ACTION ITEM:
Among the entries that follow, locate the line with "SC - imagem" and the line with "New Holland 654 Enfardadeira de rolos". Output those lines and all lines in between, exactly, minus the pictures.

(Captioned web images)

++++++

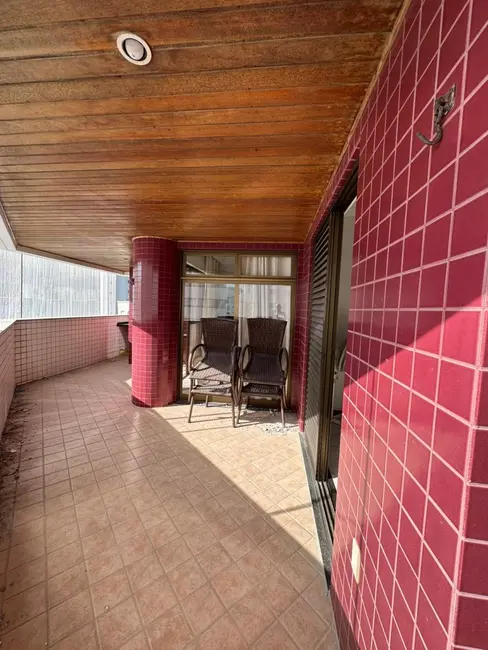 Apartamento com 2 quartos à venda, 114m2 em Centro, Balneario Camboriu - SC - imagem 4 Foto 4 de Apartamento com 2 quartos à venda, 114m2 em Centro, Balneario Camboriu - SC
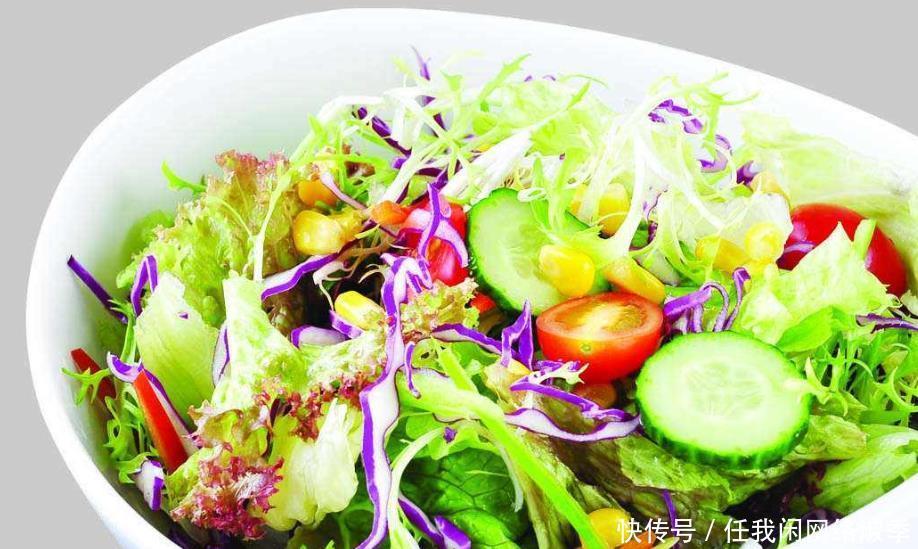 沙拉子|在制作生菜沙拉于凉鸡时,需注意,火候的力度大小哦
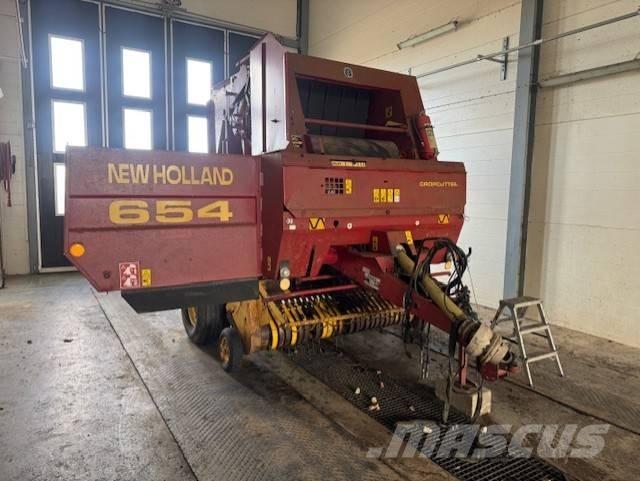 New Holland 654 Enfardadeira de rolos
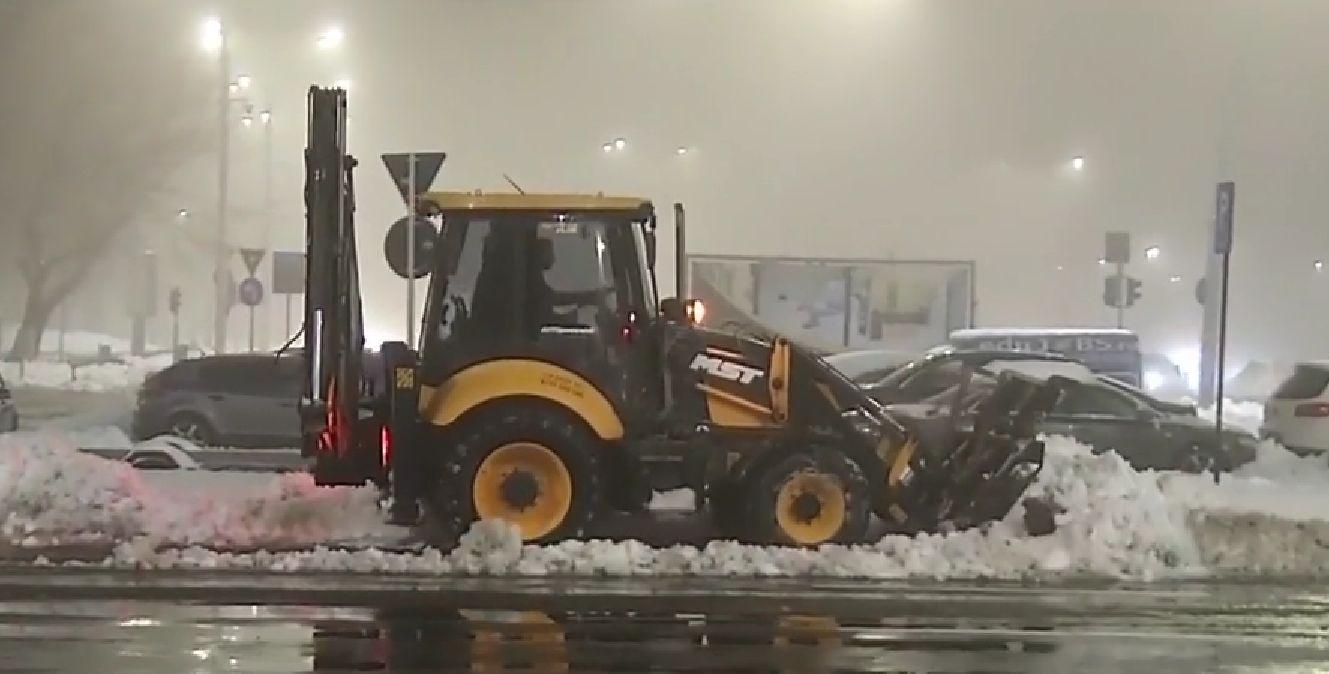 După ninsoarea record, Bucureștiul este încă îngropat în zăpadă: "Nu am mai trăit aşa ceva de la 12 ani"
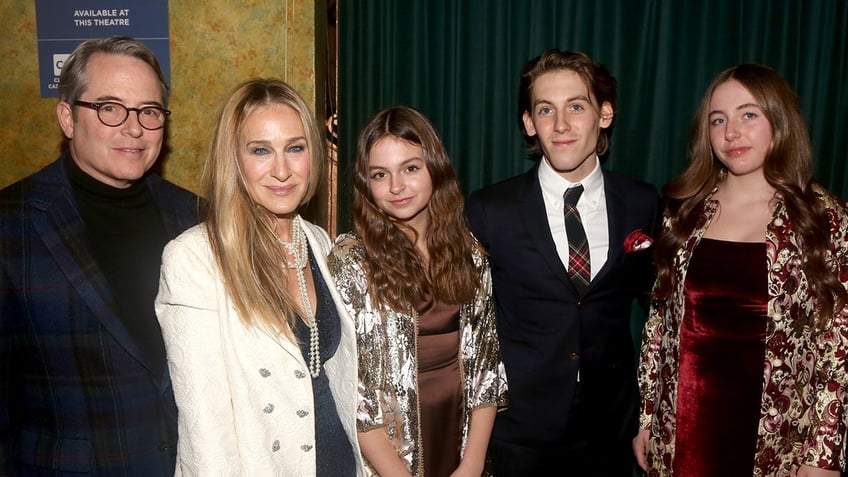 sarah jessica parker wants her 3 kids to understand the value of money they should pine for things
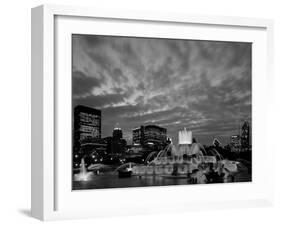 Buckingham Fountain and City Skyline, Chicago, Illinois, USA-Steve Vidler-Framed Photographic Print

++++++

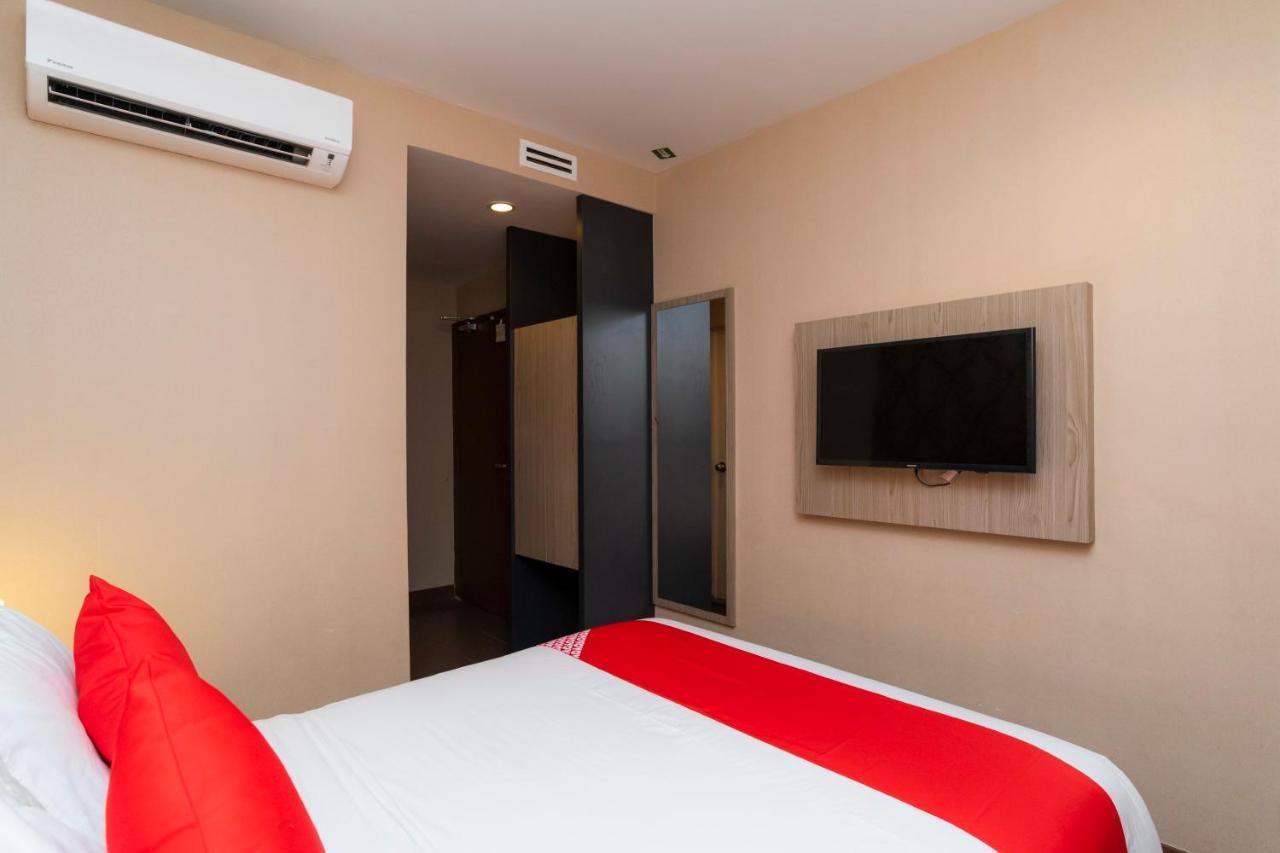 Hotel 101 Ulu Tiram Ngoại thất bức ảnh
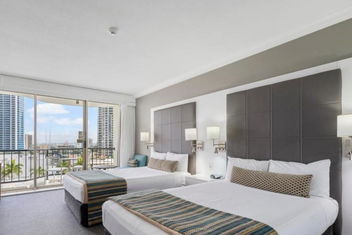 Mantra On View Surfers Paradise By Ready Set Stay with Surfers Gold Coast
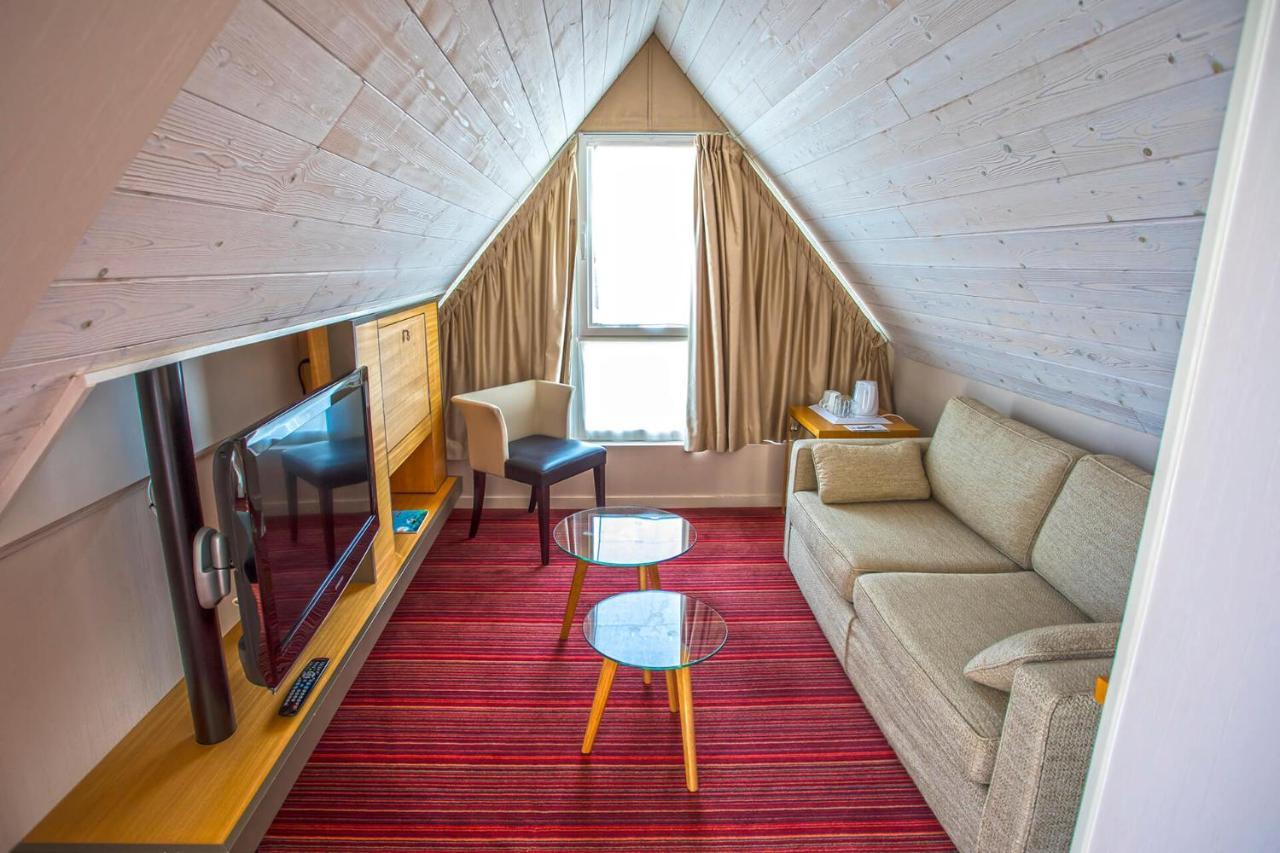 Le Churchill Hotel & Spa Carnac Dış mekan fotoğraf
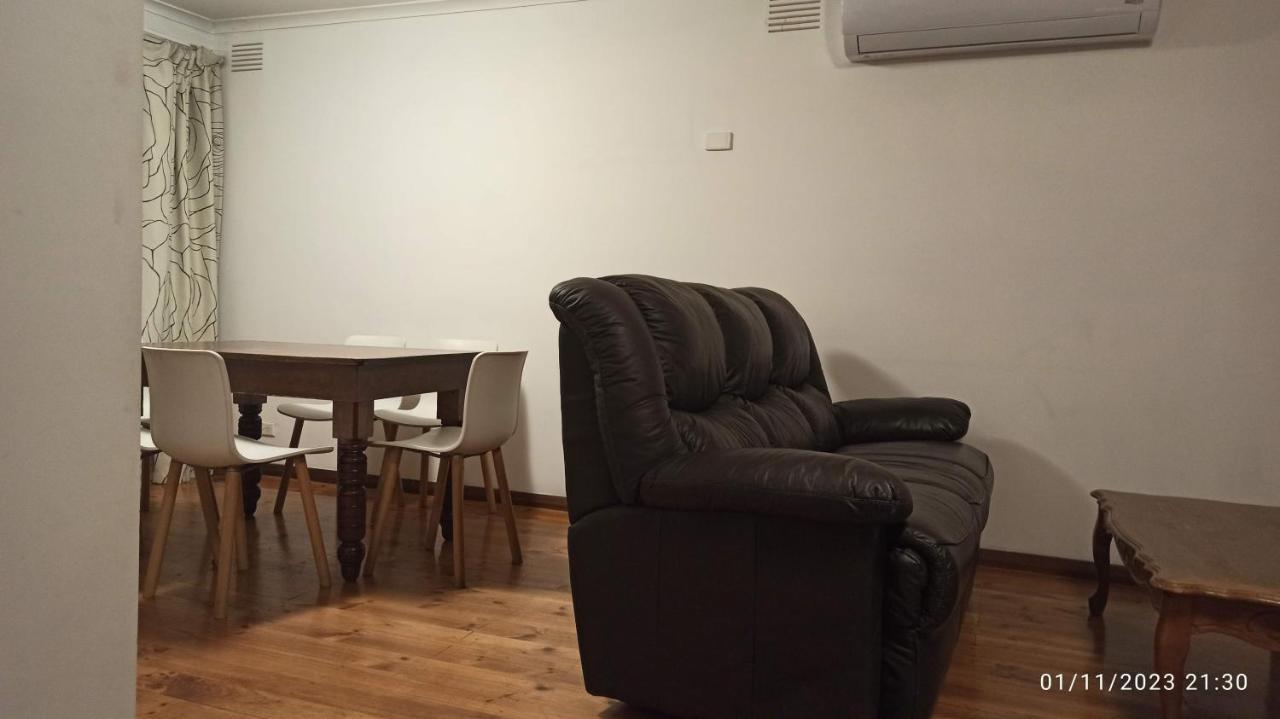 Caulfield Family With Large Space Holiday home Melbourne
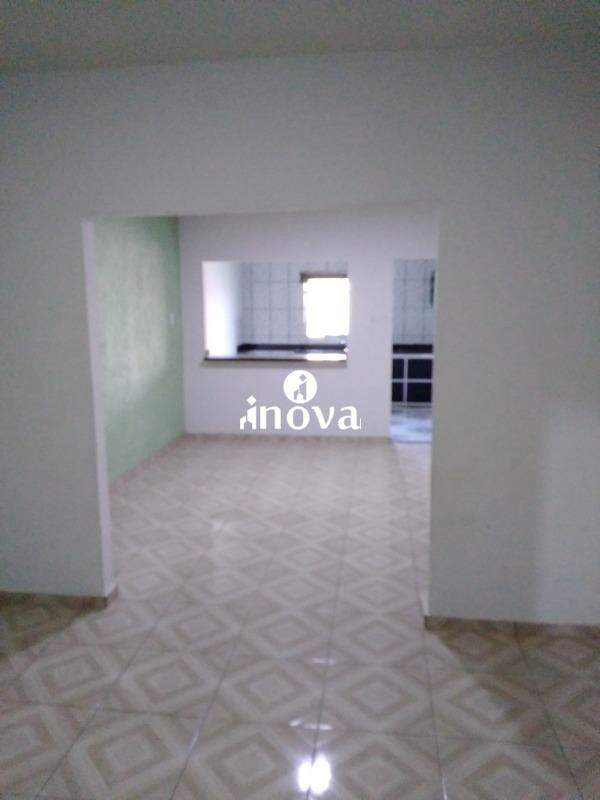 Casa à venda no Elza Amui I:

++++++

EXERCISE RESULT:
 Apartamento com 2 quartos à venda, 114m2 em Centro, Balneario Camboriu - SC - imagem 4 Foto 4 de Apartamento com 2 quartos à venda, 114m2 em Centro, Balneario Camboriu - SC
 沙拉子|在制作生菜沙拉于凉鸡时,需注意,火候的力度大小哦
 New Holland 654 Enfardadeira de rolos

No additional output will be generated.